* Problem:
Word for word, restate the records that appear below.

START Material for this exercise

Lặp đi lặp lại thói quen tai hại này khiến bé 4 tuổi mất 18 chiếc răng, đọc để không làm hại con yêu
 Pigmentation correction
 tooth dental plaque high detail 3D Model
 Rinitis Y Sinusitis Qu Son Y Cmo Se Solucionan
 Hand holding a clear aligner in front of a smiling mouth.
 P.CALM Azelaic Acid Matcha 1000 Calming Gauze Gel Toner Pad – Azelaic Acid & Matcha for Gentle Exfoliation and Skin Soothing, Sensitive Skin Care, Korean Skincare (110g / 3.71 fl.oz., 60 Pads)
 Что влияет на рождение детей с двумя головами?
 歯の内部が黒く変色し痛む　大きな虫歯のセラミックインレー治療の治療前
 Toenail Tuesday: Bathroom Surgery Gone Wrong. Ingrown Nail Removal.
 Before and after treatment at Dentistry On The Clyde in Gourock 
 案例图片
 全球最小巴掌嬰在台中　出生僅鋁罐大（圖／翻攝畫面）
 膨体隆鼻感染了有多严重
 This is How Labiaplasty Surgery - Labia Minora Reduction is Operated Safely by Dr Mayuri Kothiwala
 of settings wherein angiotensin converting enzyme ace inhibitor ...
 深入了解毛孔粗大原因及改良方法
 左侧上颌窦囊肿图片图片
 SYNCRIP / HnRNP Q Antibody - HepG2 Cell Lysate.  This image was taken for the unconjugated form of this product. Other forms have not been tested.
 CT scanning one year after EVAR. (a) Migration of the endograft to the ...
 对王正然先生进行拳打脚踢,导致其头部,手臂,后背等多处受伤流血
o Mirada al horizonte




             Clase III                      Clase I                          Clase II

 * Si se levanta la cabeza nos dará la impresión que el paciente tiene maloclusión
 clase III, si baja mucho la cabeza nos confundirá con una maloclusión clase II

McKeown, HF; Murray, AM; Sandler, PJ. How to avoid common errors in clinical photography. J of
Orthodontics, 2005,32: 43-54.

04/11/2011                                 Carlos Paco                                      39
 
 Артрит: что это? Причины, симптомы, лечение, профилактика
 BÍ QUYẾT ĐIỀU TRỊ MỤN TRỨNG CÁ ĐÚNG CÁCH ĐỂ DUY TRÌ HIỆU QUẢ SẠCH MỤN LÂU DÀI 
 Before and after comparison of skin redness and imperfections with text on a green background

END Material for this exercise

* Your solution:
Lặp đi lặp lại thói quen tai hại này khiến bé 4 tuổi mất 18 chiếc răng, đọc để không làm hại con yêu
 Pigmentation correction
 tooth dental plaque high detail 3D Model
 Rinitis Y Sinusitis Qu Son Y Cmo Se Solucionan
 Hand holding a clear aligner in front of a smiling mouth.
 P.CALM Azelaic Acid Matcha 1000 Calming Gauze Gel Toner Pad – Azelaic Acid & Matcha for Gentle Exfoliation and Skin Soothing, Sensitive Skin Care, Korean Skincare (110g / 3.71 fl.oz., 60 Pads)
 Что влияет на рождение детей с двумя головами?
 歯の内部が黒く変色し痛む　大きな虫歯のセラミックインレー治療の治療前
 Toenail Tuesday: Bathroom Surgery Gone Wrong. Ingrown Nail Removal.
 Before and after treatment at Dentistry On The Clyde in Gourock 
 案例图片
 全球最小巴掌嬰在台中　出生僅鋁罐大（圖／翻攝畫面）
 膨体隆鼻感染了有多严重
 This is How Labiaplasty Surgery - Labia Minora Reduction is Operated Safely by Dr Mayuri Kothiwala
 of settings wherein angiotensin converting enzyme ace inhibitor ...
 深入了解毛孔粗大原因及改良方法
 左侧上颌窦囊肿图片图片
 SYNCRIP / HnRNP Q Antibody - HepG2 Cell Lysate.  This image was taken for the unconjugated form of this product. Other forms have not been tested.
 CT scanning one year after EVAR. (a) Migration of the endograft to the ...
 对王正然先生进行拳打脚踢,导致其头部,手臂,后背等多处受伤流血
o Mirada al horizonte




             Clase III                      Clase I                          Clase II

 * Si se levanta la cabeza nos dará la impresión que el paciente tiene maloclusión
 clase III, si baja mucho la cabeza nos confundirá con una maloclusión clase II

McKeown, HF; Murray, AM; Sandler, PJ. How to avoid common errors in clinical photography. J of
Orthodontics, 2005,32: 43-54.

04/11/2011                                 Carlos Paco                                      39
 
 Артрит: что это? Причины, симптомы, лечение, профилактика
 BÍ QUYẾT ĐIỀU TRỊ MỤN TRỨNG CÁ ĐÚNG CÁCH ĐỂ DUY TRÌ HIỆU QUẢ SẠCH MỤN LÂU DÀI 
 Before and after comparison of skin redness and imperfections with text on a green background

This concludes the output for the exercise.